#### Data shown
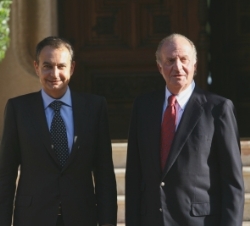 Su Majestad el Rey con el presidente del Gobierno, José Luis Rodríguez Zapatero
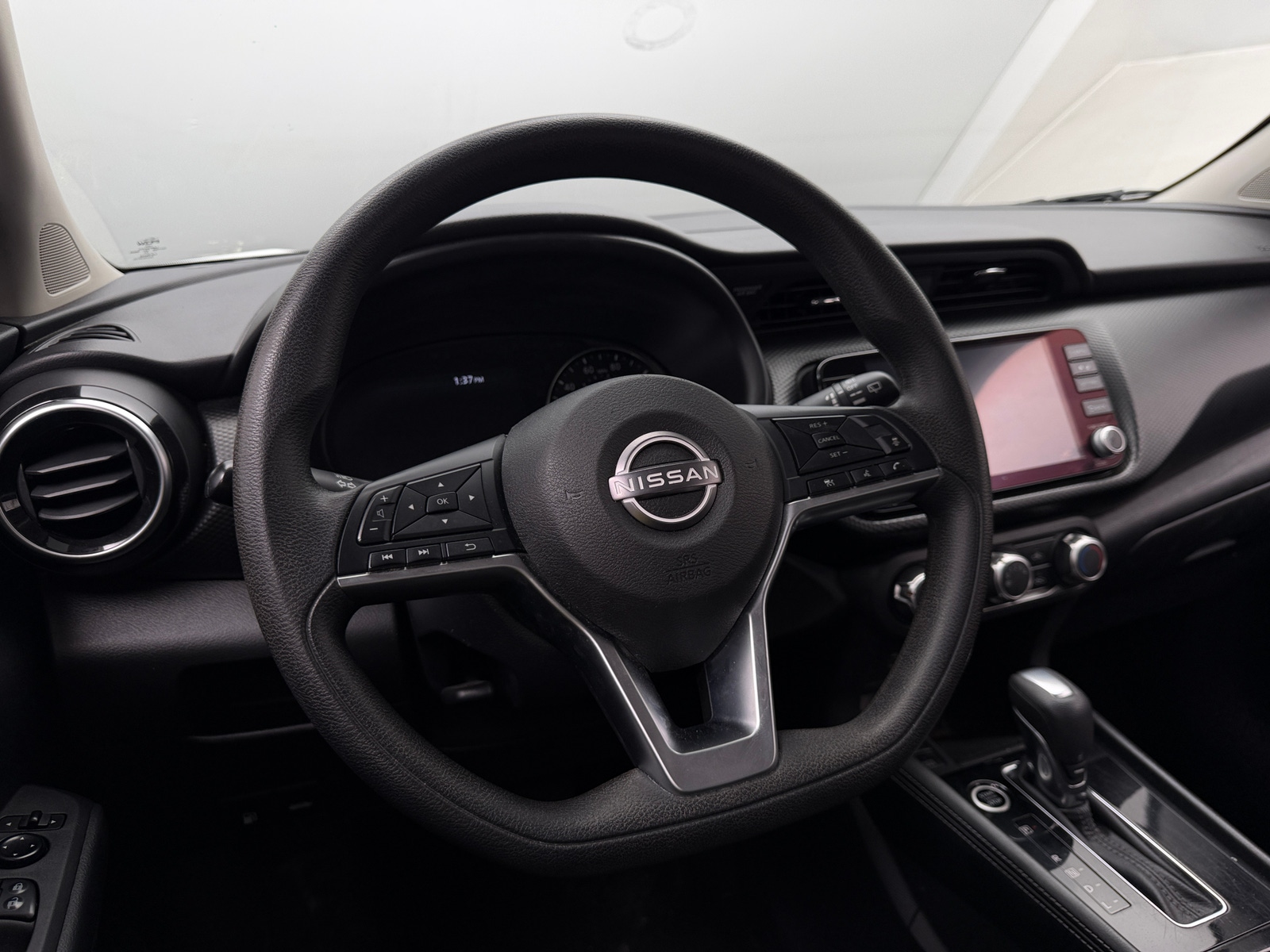 Thumbnail: 2023 Nissan Kicks - 5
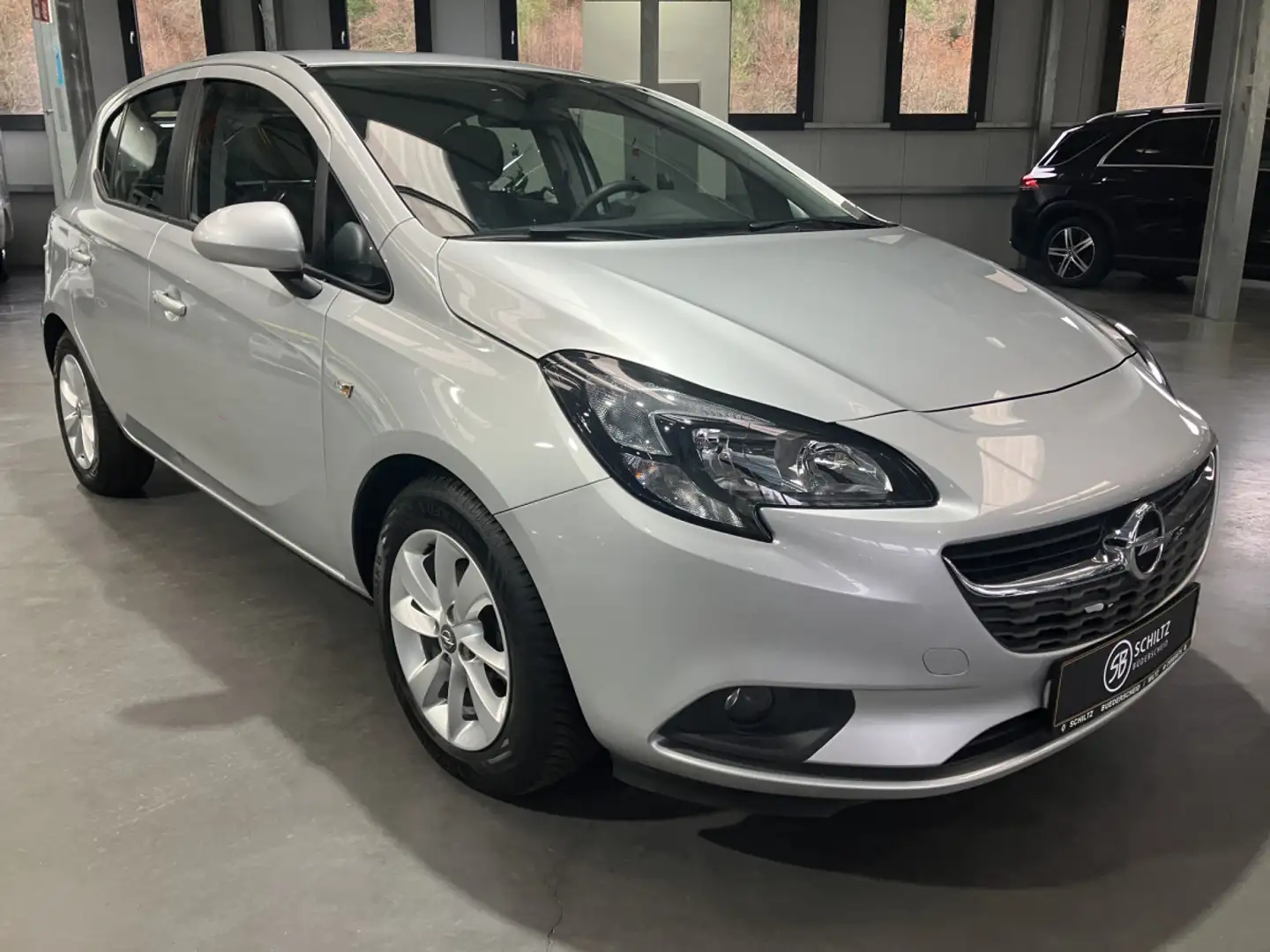 Opel Corsa 1.4 Essence 90HP Gris - 1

#### Work request
Retype the line containing "Thumbnail: 2023 Nissan Kicks - 5" and all lines after it through the end of the material, exactly and only those, leaving out pictures.

#### Task response
 Thumbnail: 2023 Nissan Kicks - 5
 Opel Corsa 1.4 Essence 90HP Gris - 1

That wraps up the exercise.